By Casey Morrison
Ms. Morrison is a Public Health major at Elon University with minors in Poverty Studies and Anthropology. She is passionate about international issues, education, and linguistics, and will be teaching English in Ethiopia with the Peace Corps following her graduation in May 2016.
The best-kept secret of intercultural communication is that you don’t have to leave the country to practice it. That was a lesson I learned very quickly during my SHECP internship with the Boys, Girls, Adults Community Development Center in Marvell, Arkansas—a low-income, primarily Black town in the rural Deep South. Although I have spent ¼ of my university years outside the US, it is my arrival in Arkansas that remains my most dramatic experience with culture shock.
“It is the privilege of being able to come in the middle of an ongoing process that others have put their lives and souls into with the freedom of getting up and leaving whenever you please,” writes Morrison (Elon 2016).
I had never had to stand out before. I was a middle class white girl who grew up in a white neighborhood near my own socioeconomic level. But SHECP threw me into a world where I was an outsider in nearly every way. I didn’t look like my neighbors, didn’t dress like them, didn’t talk like them, and didn’t devotedly attend church like they did.
I had never had strangers stare at me the way they did in Marvell, and in Helena, the nearby town where I was living. When the other white SHECP interns and I walked through the neighborhood, we had children stop in the middle of their games to silently watch us go by. All the adults we talked to assumed we were with Teach for America, because why else would people like us end up in a place like this?
I was the only Northerner and only white person at my job. In fact, I might have been the only one not born and raised in Phillips County. I did not understand all, or sometimes most, of what was said to me through my students’ and coworkers’ accents—a point most friends and family assume to be exaggeration until I give examples. My days were full of the awkwardness of miscommunication, excessive attention, confusion about others’ actions, and uncertainty about my own.
I spent a lot of my time in Arkansas being uncomfortable. Some of it was simply the literal and cultural miscommunications of my everyday life, but some of it went deeper. I was struggling with how to respectfully take up space in a community that was not my own and that I could not, as an outsider, truly understand. Staying in my house felt like an explicit perpetuation of segregation, but recreationally walking through the neighborhood felt invasive. As a middle-class white person, I knew I had privileges in this place that I was not necessarily entitled to. I could walk into this community and people would treat me with acceptance and inclusion regardless of how they felt about my presence there. I knew the same would not be true in reverse. If most of the people in this community came to my hometown, they would be treated with mistrust at best, if not open fear and disdain. In a region rife with racial bitterness—and rightfully so—I felt unwilling to spend time in their community knowing that my presence might not be as welcomed as external appearances might lead me to believe.

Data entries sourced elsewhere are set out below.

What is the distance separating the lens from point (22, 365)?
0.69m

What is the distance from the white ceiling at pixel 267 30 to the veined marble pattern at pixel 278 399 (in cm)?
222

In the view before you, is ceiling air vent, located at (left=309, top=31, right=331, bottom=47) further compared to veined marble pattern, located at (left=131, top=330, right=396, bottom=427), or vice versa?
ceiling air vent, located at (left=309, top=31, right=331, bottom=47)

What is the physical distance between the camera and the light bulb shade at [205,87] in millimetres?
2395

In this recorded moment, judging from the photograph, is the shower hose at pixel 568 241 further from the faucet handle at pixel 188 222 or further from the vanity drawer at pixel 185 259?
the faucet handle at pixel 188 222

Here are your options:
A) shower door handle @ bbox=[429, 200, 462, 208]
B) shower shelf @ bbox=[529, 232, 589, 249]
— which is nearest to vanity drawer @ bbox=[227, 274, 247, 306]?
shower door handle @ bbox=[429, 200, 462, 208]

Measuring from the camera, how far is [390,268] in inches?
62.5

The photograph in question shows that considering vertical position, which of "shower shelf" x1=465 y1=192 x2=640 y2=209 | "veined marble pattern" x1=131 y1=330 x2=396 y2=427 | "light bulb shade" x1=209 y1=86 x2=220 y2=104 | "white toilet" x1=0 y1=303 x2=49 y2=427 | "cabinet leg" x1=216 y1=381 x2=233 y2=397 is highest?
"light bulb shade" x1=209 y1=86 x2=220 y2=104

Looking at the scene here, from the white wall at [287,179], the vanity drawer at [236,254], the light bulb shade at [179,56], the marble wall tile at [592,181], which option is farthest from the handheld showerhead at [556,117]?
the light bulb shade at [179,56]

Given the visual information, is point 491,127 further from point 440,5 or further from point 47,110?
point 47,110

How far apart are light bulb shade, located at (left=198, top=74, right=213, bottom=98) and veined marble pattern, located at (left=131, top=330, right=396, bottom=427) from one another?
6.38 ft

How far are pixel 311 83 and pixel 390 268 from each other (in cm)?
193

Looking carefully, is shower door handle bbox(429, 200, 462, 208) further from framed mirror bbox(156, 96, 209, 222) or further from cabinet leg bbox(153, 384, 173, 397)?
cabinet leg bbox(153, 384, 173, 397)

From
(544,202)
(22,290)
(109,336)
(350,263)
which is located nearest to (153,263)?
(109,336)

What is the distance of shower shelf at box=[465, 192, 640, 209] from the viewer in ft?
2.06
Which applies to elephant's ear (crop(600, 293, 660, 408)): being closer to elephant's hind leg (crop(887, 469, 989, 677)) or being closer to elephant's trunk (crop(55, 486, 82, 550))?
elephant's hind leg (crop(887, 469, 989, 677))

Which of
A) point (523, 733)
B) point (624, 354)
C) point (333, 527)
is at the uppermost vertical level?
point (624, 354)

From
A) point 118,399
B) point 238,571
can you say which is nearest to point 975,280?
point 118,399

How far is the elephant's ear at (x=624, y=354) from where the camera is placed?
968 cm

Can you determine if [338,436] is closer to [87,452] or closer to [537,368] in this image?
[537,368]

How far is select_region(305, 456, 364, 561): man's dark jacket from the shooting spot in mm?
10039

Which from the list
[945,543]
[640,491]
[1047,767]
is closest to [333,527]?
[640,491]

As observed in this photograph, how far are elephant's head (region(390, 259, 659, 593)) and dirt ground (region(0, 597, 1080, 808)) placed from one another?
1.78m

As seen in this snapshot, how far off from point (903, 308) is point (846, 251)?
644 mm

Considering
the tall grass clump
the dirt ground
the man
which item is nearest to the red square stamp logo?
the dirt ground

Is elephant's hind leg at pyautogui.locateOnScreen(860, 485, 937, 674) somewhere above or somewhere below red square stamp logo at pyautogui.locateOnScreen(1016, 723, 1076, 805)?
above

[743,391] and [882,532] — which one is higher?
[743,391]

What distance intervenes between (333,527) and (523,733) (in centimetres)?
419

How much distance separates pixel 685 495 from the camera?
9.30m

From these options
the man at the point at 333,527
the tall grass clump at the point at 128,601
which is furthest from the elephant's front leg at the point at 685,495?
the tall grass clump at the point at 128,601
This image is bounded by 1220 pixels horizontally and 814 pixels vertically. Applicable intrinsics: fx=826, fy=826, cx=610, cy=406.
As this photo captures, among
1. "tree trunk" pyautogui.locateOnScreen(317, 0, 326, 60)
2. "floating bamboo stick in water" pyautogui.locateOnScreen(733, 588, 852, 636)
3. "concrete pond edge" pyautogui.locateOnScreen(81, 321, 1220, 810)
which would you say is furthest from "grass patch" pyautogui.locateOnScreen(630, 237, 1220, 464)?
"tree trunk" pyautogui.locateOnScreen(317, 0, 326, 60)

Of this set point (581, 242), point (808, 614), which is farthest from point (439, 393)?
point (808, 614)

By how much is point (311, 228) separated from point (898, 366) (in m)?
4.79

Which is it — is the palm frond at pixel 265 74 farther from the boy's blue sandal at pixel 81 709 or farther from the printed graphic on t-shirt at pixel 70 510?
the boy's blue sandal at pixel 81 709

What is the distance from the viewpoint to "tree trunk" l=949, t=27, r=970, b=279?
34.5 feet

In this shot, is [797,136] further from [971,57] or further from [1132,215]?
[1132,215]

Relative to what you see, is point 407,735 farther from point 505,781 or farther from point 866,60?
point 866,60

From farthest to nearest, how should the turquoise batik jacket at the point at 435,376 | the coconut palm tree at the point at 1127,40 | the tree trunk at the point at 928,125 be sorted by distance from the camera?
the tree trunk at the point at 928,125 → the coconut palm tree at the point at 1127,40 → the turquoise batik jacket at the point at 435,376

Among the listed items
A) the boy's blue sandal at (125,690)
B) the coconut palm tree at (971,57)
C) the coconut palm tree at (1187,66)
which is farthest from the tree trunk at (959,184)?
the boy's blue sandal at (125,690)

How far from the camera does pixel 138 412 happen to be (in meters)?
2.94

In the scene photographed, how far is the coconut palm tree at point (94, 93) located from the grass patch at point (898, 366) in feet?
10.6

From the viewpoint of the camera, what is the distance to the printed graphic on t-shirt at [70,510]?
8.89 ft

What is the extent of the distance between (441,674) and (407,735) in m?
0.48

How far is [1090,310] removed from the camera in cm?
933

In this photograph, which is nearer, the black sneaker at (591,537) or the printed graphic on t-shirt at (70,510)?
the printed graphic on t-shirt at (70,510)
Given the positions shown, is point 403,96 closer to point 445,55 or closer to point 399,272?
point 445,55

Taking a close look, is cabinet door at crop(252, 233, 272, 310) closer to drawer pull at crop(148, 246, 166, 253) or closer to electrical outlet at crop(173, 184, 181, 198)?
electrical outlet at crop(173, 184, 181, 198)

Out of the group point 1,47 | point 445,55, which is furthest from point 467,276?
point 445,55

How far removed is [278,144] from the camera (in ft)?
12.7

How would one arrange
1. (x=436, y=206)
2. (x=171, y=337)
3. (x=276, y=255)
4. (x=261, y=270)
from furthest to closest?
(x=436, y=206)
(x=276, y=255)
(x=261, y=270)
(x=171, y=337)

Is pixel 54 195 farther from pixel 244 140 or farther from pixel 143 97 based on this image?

What I did not realize at the time was the vital importance of being able to willingly and gracefully accept discomfort. In fact, if I had to recommend a single personal skill to anyone planning to work in disadvantaged communities, it would without a doubt be learning to be okay with being uncomfortable. It is a multi-purpose skill. First, although cross-cultural interactions are in themselves valuable, they cannot be fully open and authentic unless you are willing to make mistakes and stay engaged through awkwardness and uncertainty. Second, on the level of navigating one’s actions through a net of social inequality and unspoken power dynamics, I thoroughly believe accepting the accompanying discomfort is vital to accepting one’s own privilege.
The second matter deals with being in role of an educated outsider. It is a position in which a person wants to contribute to positive change, but knows nearly nothing about the community and need not feel any personal investment in it. It is the privilege of being able to come in the middle of an ongoing process that others have put their lives and souls into with the freedom of getting up and leaving whenever you please. It is the privilege of not personally feeling the pain of the community’s hardships and failures and taking their joys and successes for granted. This is the inevitable role of an outsider in the service field. It should not be comfortable.
Although I learned an incredible amount during my SHECP internship, this will always be what I remember most. Seeking and accepting discomfort has led me down the path that brought me to discover the passions that have come to define my life. It has led me through my work tutoring refugee children and teaching English to Latino immigrants. It is what guided me through innumerable confusing interactions during my semester in Vietnam and what encouraged me to apply for the Peace Corps, with which I will be serving in Ethiopia for the next few years.
All of these experiences have presented or will present challenges both personal and ideological as I build relationships with members of the community and untangle the meaning of my own role in their lives. SHECP gave me the opportunity to wrestle with these personal, social, and philosophical matters in a safe space. It challenged me to function independently in a place that was further from my culture than I ever expected, but a place filled with supportive and welcoming people both at my job and in the community where I lived. I will always remember my time in Arkansas as one of the most rewarding and enriching experiences of my college career, and will take the lessons I learned there wherever I end up in the world.